None of these things will be easy. In fact, they will be very hard. The only way that we can even begin to approach them is by working together. For this reason, WRT is launching a new Racial Justice Working Group, about which you can learn more by contacting our office. We will need each other in this work -- need each other to bring our ideas, our energy, our questions, our skepticism, our life experience, our commitment to work together, even when the conversation makes us feel uncomfortable.
Whenever I visit the neighborhood where my dad grew up, in the Pomonok housing projects, I feel not only a deep connection to my family’s American story; I feel not only a certain unease that that story is incomplete; I feel something else as well. I feel a deep and abiding belief in the possibility of the American Dream: not the dream of upward mobility; not the kind of dream in which our eyes are closed to other people’s American story; not the kind of dream from which the sound of the shofar must wake us; but rather, a new kind of American Dream.
The New American Dream hopes not that each successive generation might rise higher and achieve more than the last, not that our children might do better than we have, but rather, that they might be better: that they might be better citizens, that they might be better and braver participants in our national conversation about race, that they might be better equipped to build a more just and equitable society -- that, through our children, our country might be better than it has been in the past.
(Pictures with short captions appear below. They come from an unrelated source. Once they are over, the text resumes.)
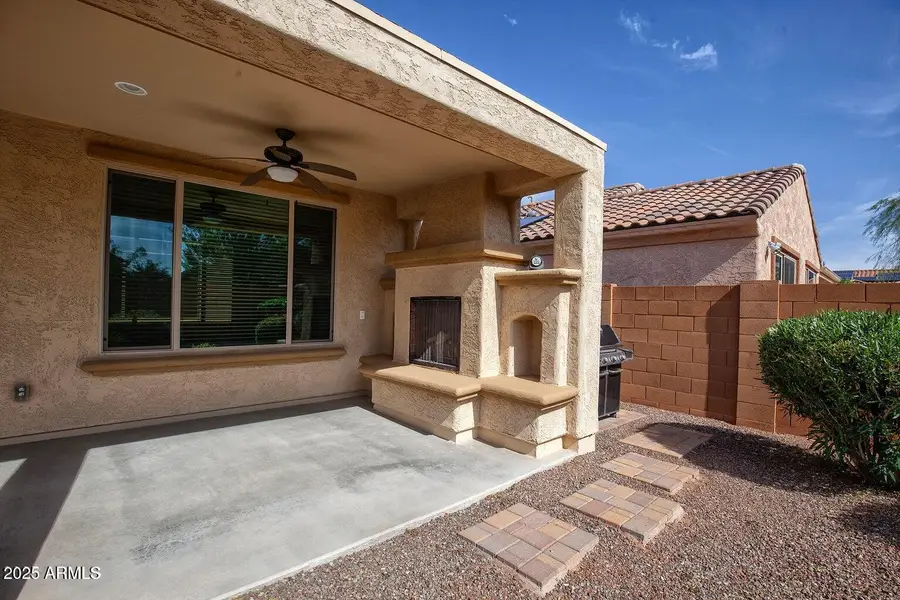 21883 N 263rd Drive, Buckeye, AZ 85396 - Image #2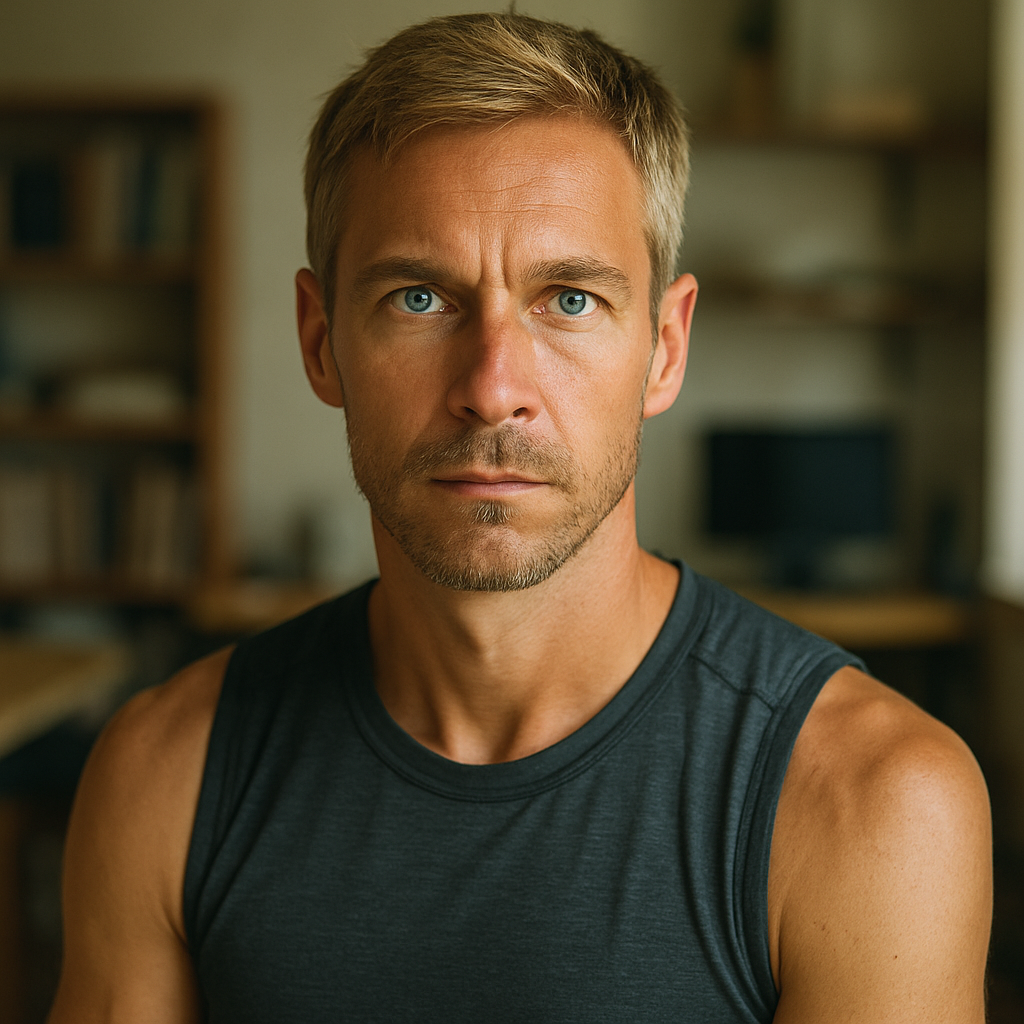 Lorenzo Santi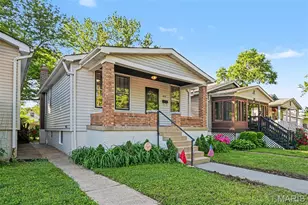 4614 S 39th St, Saint Louis, MO 63116 - Photo 4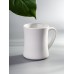 Кружка Gratia, белая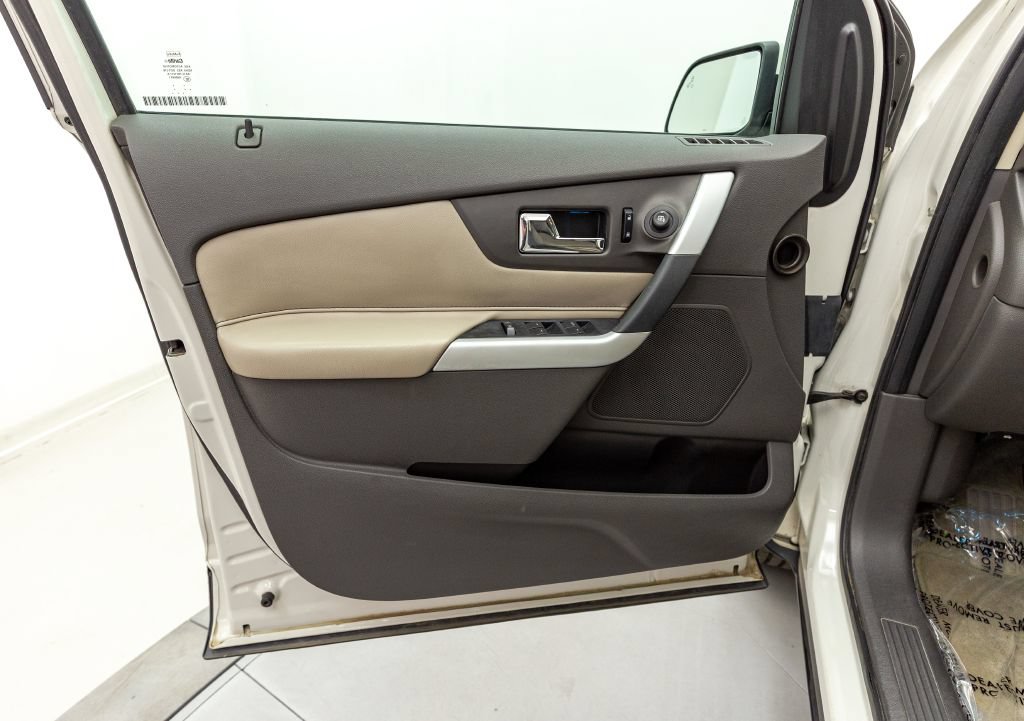 Used 2011 Ford Edge SEL w/ 202A Rapid Spec Order Code AWD/4WD image 27
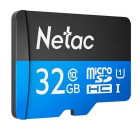 Netac NT02P500STN-032G-S Карта памяти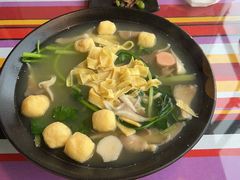 -吧嘚嘴炭烧鸽串吧(北海街店)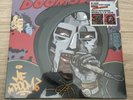 MF Doom - Operation Doomsday (Alternative Sleeve) - Double Vinyl LP *NEW*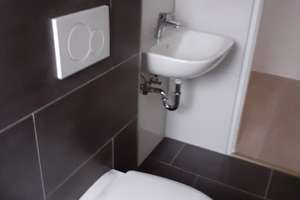 Ein-Zimmer-Apartment in Nordenstadt – Die vollständige Adresse der Immobilie erhältst du vom Anbieter., 65205 Nordenstadt, Wiesbaden – Vorschaubild 4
The New American Dream, in fact, is not a dream at all. It is an awakening. The shofar blasts. Will we hear it?
______
[1] For more on this topic, see: Brodkin Sacks, Karen. “How Did Jews Become White Folks.” Race. Edited by Gregory, Steven and Roger Sanjek. | Additionally, see: Goldstein, Eric. The Price of Whiteness: Jews, Race, and American Identity.
[2] Again, for more on this topic, see: Brodkin Sacks, Karen. “How Did Jews Become White Folks.” | Additionally, see: Goldstein, Eric. The Price of Whiteness: Jews, Race, and American Identity.
[3] DuBois, W. E. B. Black Reconstruction in America. p. 30.
[4] See: Kendi, Ibram X. How to Be an Antiracist. Chapters 16 & 17: “Failure” & “Success.”
[5] A group that includes Black Jews, Jews from Latin and South America, Jews of Middle Eastern origin, and others.
[6] For more on this topic, see: Kivel, Paul. “I’m Not White, I’m Jewish: Standing as Jews in the Fight for Racial Justice.”